Activity.
Lines from the one containing "Teacher Appreciation Gift" through the end of the listing are what is wanted, given again exactly with both ends included and pictures left out.

Information shown.

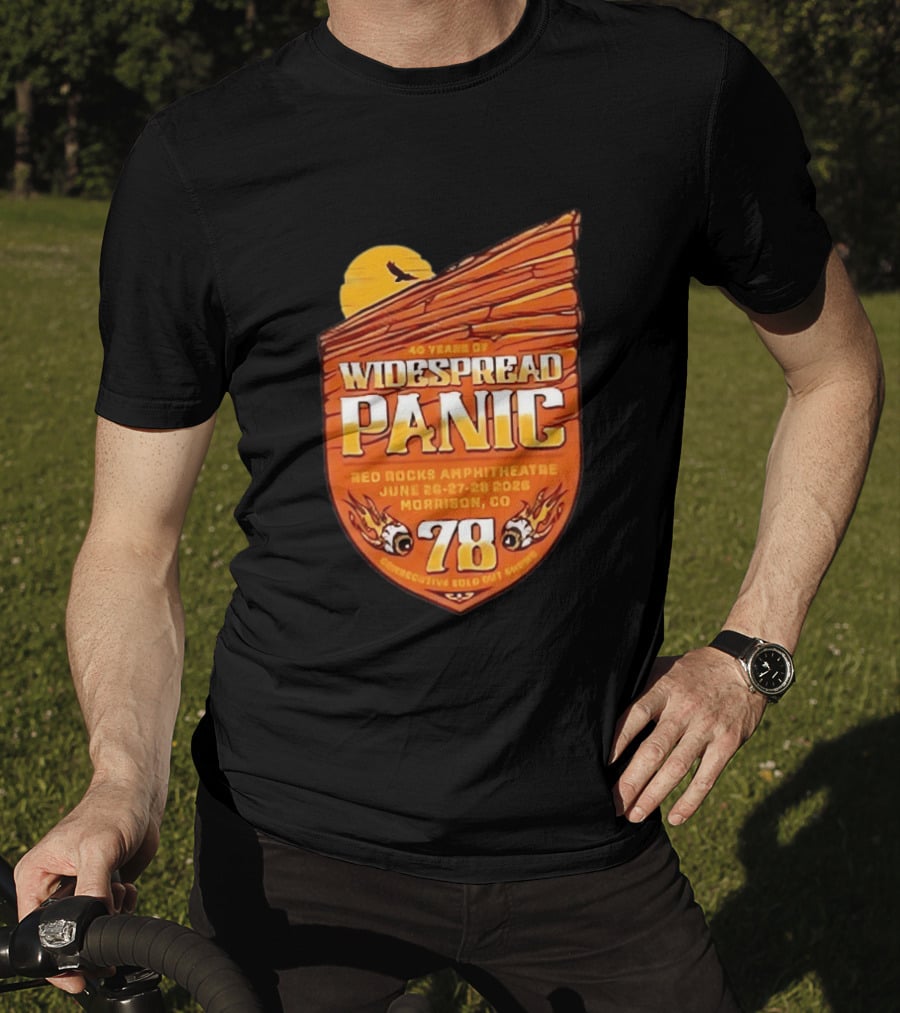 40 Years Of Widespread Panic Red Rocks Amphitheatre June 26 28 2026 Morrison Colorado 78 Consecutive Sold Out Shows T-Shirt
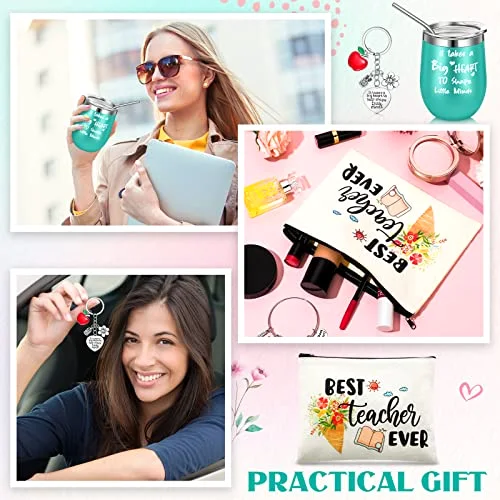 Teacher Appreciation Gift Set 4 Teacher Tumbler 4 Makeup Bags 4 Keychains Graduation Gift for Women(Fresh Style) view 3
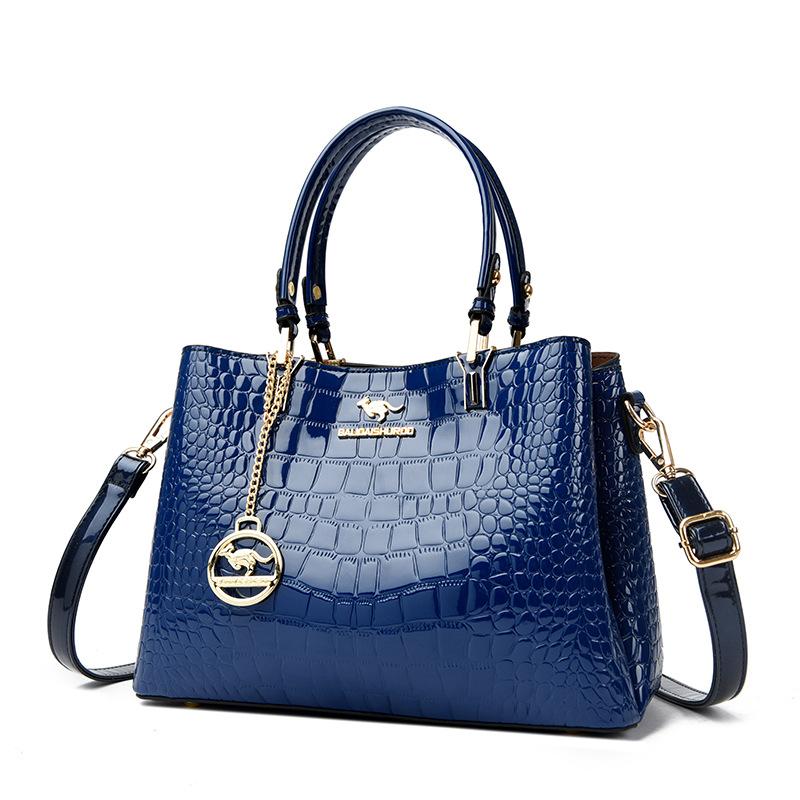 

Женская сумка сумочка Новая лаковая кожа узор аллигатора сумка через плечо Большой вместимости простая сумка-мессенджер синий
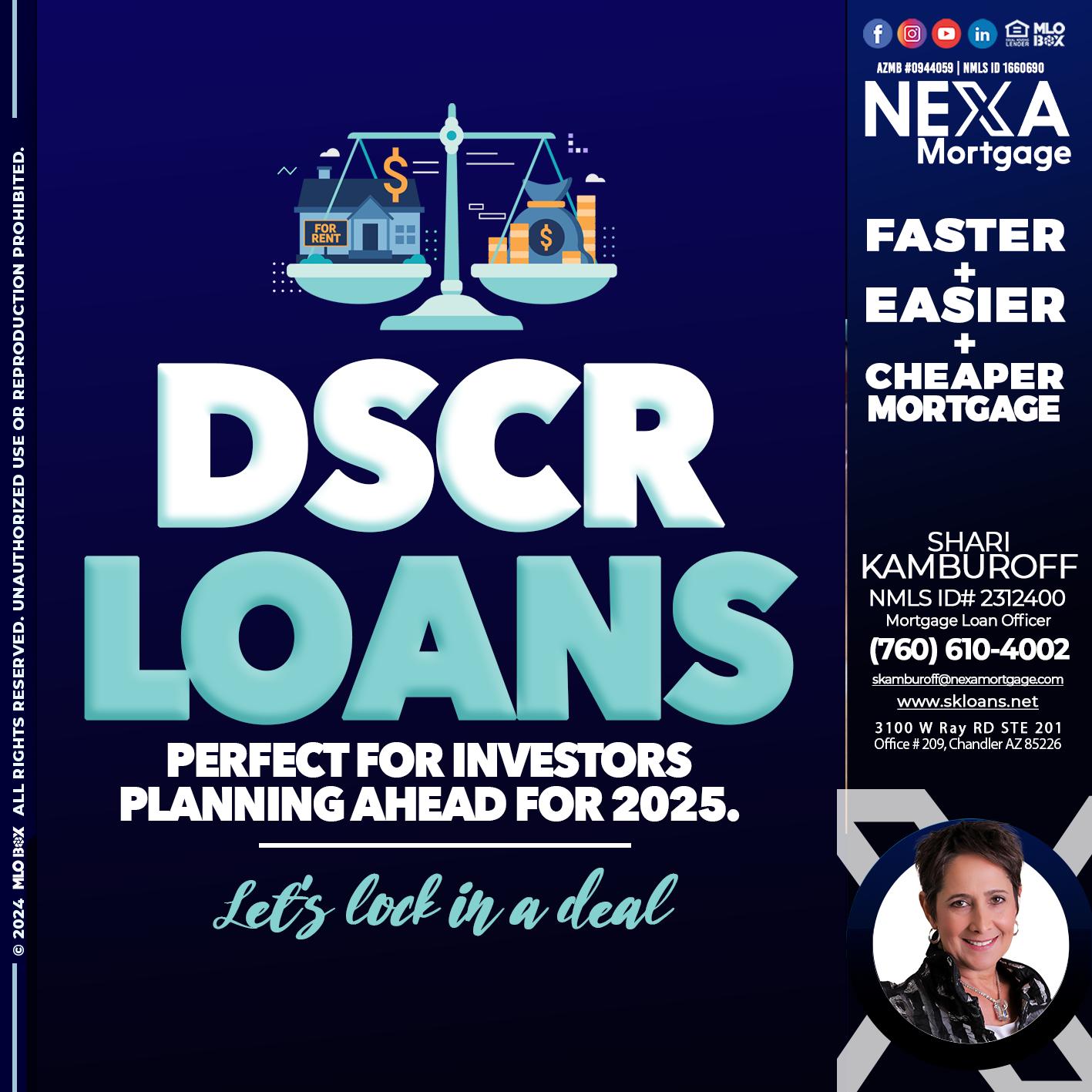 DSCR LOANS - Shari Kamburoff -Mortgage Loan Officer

Solution to the problem.
 Teacher Appreciation Gift Set 4 Teacher Tumbler 4 Makeup Bags 4 Keychains Graduation Gift for Women(Fresh Style) view 3

Женская сумка сумочка Новая лаковая кожа узор аллигатора сумка через плечо Большой вместимости простая сумка-мессенджер синий
 DSCR LOANS - Shari Kamburoff -Mortgage Loan Officer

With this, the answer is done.